Lady Gregory obviously tried to imbue her grandchildren with her own passion for the stories and legends of the Ireland that lay beyond the ornate halls of Coole.
Something of this passion still drives de Winton, in her continuing interest in the Abbey Theatre and in all things Irish generally.
"Grandma loved telling us stories about Kiltartan and Ireland, which she had been told by the country people.
"She was wonderful at telling these stories. She got a lot of them from Curly the Piper, who came to Coole and sat on the seat outside the hall window for hours, while Grandma sat on the wooden bench and listened to him talking and playing the pipes, and then giving him tea and barm brack to eat.
"They were wonderful days with grandma," de Winton recalled.
Her parents were often away in Paris, painting, so the children had the freedom of the demesne and the woods beyond to explore to their hearts' content, and it was Lady Gregory who most encouraged their childhood imaginations.
She was the cornerstone of the Irish literary revival in the first quarter of the 20th century. At Coole, she was hostess to most of the greatest writers and artists of the age, and it was here, of course, where she and Yeats discussed plans for an Irish literary theatre which culminated in the establishment of the Abbey in 1904.
I asked de Winton for her impressions of some of the famous people who dropped in and out of her childhood.
'Well, I was frightened by the painter Augustus John. He was a very large man and we felt that he might step on us as he used to stride about never looking where he was going.
" 'Little pagans,' I once heard Mama say to Augustus John. She said, 'I can't really let them grow up as savages. They will have to go to school and get civilised and get some human feelings.' But John replied, 'Leave them alone. They will grow to it only too quickly.' "
The two ascendancy children were also intrigued by Sean O'Casey's rough Dublin accent and by his fascination for the trees in Coole Park.
"He loved the trees, especially the two great catalpas which grandma told him my great-great-grandpa brought back from one of his tours, carrying the 10 foot trees in cloth with the rest of his luggage'.
O'Casey was apparently thrilled by this story.
"He stroked the enormous leaves as if they were alive, saying that he was touching something that had travelled half-way round the world years before he was born."
Her mood darkened when I mention her father, Maj Robert Gregory, the subject of Yeats's great poem 'An Irish Airman Foresees His Death'.
"I have very vague memories of him," she said. "You see, we were very young when he died. But I do see him always on a horse in the front driveway.
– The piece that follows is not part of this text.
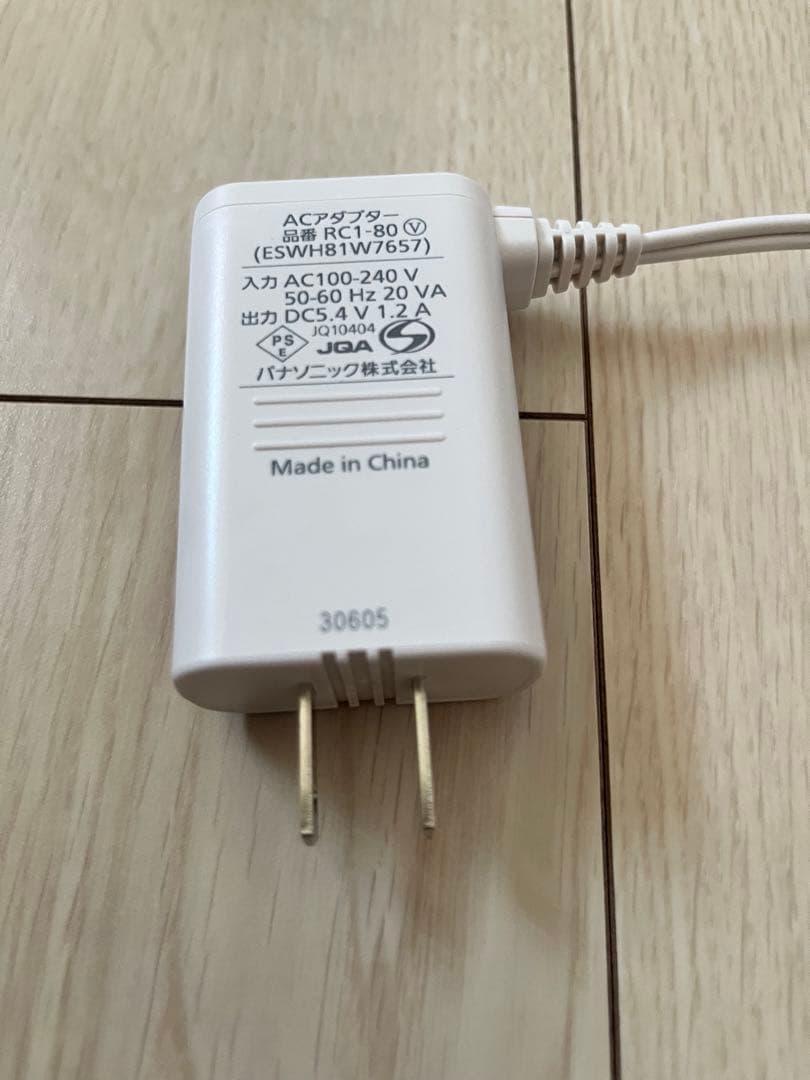 Panasonic EH-HE9J 頭皮エステ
He was a great horseman you know." Then her voice trailed off into some distant sense of loss.
But over the tea and the Devon cream cakes, our conversation always came back to Lady Gregory herself, the woman who probably had the greatest influence on de Winton's life.
"She might have done all those great things, compiling her stories, starting the Abbey Theatre, encouraging Synge and Yeats, even pushing to get a bill passed in the House of Commons to enable the National Theatre to be set up; but to us, she was this lovable grandma whose greatest joy was to sit us down and tell us one of her wonderful stories."
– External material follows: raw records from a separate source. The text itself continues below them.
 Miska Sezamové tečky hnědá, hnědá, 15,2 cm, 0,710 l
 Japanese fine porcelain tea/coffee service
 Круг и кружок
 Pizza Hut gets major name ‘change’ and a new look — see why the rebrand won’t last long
Then, somewhat wistfully, she said, "I often think now of those years at Coole. They were the happiest years of my life. I can always see that wonderful clear light of Galway."
Anne de Winton has known tragedy as well as happiness in her 85 years - the loss of her father, then the loss of her husband in the second World War.
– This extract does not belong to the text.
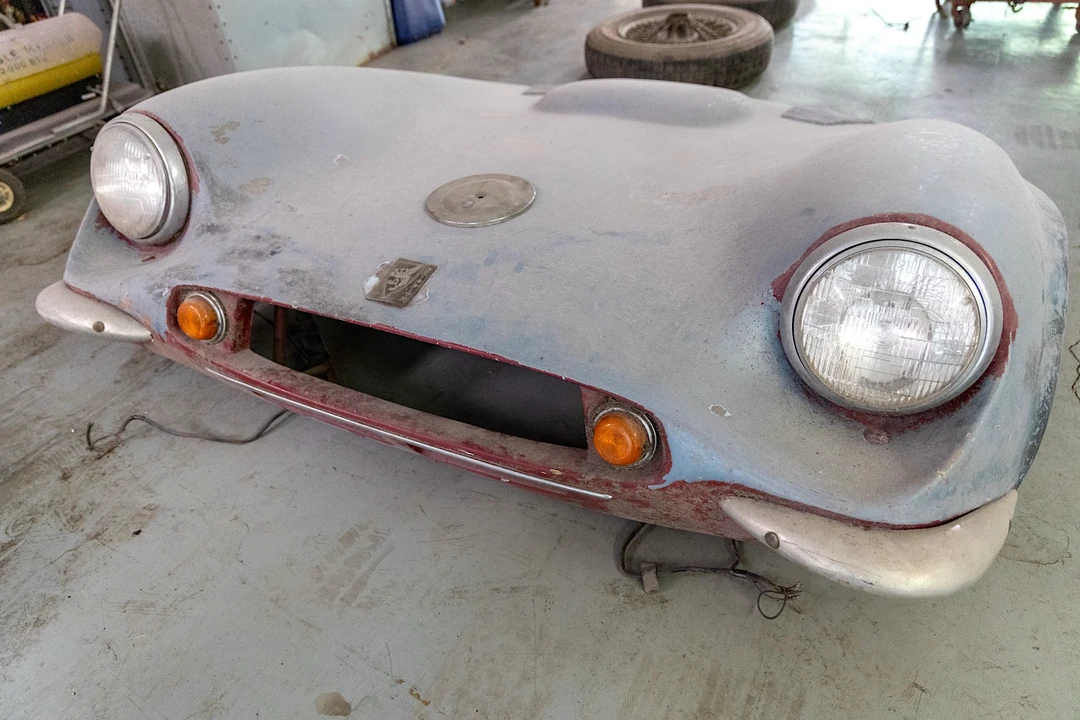 1964 TVR Griffith - Image 28 of 31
And one suspects another, more tenuous loss - that of her Anglo-Irish identity.
Her house, with its books and letters, is her only link now to a vanished past. Few people in the area know who she is.
There are no books on Lady Gregory and very few on Yeats in the bookshops of Exeter or Torquay.
As I was leaving her house, I couldn't help but notice the remarkable resemblance to Lady Gregory herself. And something of that great lady's indomitable spirit lives on in her granddaughter.